Но, увы! Сколько раз я буквально вырывала как бы из самых губ Твоих - или преступным легкомыслием своим, или делами, или поступками - то, что я дала Тебе, и это доставалось врагу Твоему! И даже после этого Ты продолжал смотреть на меня с нежностью и лаской, будто не чувствовал моей неверности. И этим Ты часто вызывал порывы нежности в душе, которые заставляли меня исправляться и следить за собой гораздо лучше, чем это могли бы сделать угрозы или страх Твоего гнева.

В воскресенье перед вечерней службой, когда монахини пели Esto mihi, Ты дал мне понять словами этой входной, о единственная любовь моя, что, измученный навязчивостью и оскорблениями от множества людей, Ты попросил приюта и отдохновения в моем сердце.
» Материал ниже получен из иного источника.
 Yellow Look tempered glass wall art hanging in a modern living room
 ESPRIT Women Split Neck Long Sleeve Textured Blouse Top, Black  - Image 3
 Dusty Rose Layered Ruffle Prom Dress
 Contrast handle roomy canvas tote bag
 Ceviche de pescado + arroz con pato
Поэтому каждый раз, когда в течение этих трех дней я заглядывала в него, видела Тебя как бы распростертым подобно обессилевшему человеку и не могла тогда найти лучшего утешения для Твоей скорби, чем молитва, молчание и другие обряды самоумерщвления в Твою честь - для обращения людей, погрязших в мирских заботах и суете.
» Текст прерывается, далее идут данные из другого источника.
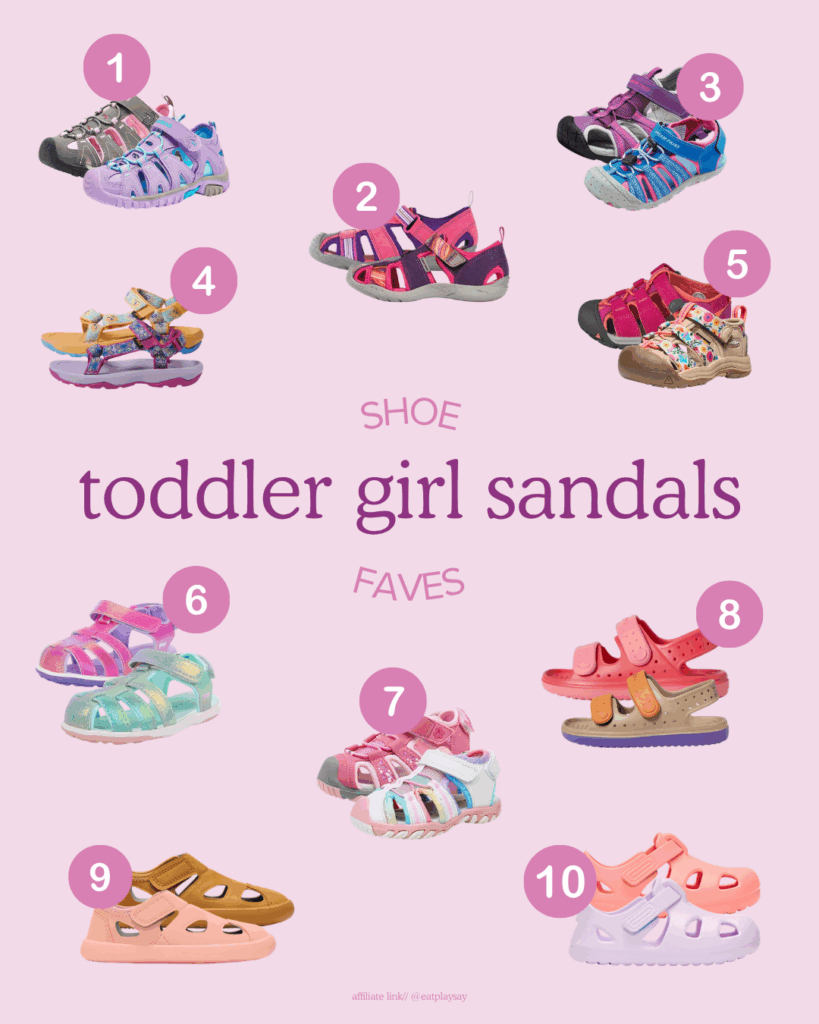 round-up graphic of toddler girl sandals including open and closed toe options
Твое милосердие с помощью частых откровений позволило мне также понять, что душа, обитающая в теле бренного человечества, затемнена и подобна человеку, стоящему на маленьком

[298]


пространстве, со всех сторон окруженному клубами пара из котла. И когда тело подвержено любому злу, то та часть тела, которая страдает, является для души тем же, что луч солнца для воздуха, освещая и делая его изумительно чистым. Потому, чем глубже страдания, тем чище свет, который получает душа. Но печали сердца и испытание его смирением, терпением и другими достоинствами заставляют изумительно сверкать душу, ибо они трогают ее сильнее, острее и глубже. Восхитительную чистоту и яркость придают ей прежде всего поступки, продиктованные христианской любовью.
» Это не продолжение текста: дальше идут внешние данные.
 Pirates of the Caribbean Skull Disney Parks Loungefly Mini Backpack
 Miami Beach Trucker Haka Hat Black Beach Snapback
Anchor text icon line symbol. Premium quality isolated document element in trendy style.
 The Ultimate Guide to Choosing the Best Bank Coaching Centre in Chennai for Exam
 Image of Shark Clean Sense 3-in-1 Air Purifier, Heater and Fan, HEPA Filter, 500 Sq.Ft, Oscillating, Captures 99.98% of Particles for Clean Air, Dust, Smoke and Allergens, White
Благодарю Тебя, о любящий всех людей, за то, что Ты иногда вел меня этим путем к терпению! Но, увы! Тысячу раз увы! Как редко я прислушивалась к Твоим советам, вернее, как редко я делала то, что была обязана делать! О Господь, Ты знаешь, что душа моя испытывала из-за этого печали и страдания, стыд и уныние, Ты знаешь, что сердце мое всегда стремилось обратиться к Тебе и попросить помощи в избавлении от грехов и недостатков.

В другой раз, когда я была готова причаститься во время литургии, будучи переполнена Духом Твоим и ища в себе, что я могу сделать в ответ на столь великую милость, Ты предложил мне, как полный мудрости Господин, эти слова апостола: «Я желал бы сам быть отлученным за братьев моих» (Рим 9. 3). И хотя Ты ранее учил меня, что душа обитает в сердце, Ты также дал мне понять, что она и в разуме, и эта истина, о которой я ничего не знала ранее, была подтверждена для меня позже свидетельством из Священного Писания. Ты также учил меня, что великое совершенство души состоит в том, чтобы отказаться от удовольствия, которое она находит в привязанностах, чтобы заняться, из любви к Тебе, наблюдением и приведением в надлежащий порядок своих внешних чувств и эмоций и проявлением милосердия для спасения ближних.

В день Рождества я взяла Тебя из яслей, завернула в пеленки как новорожденного и поместила в сердце моем, дабы составить букет мирры из твоих детских страданий и неудобств. Этот букет я хотела поместить в груди своей и наслаждаться этим небесным ароматом. Но хотя я и думала, что это самая большая милость, которую Ты можешь мне оказать, Ты, Который после первых

[299]


милостей дает нам новые и еще большие, когда мы этого меньше всего ожидаем, пожелал сделать Свои милости более разнообразными.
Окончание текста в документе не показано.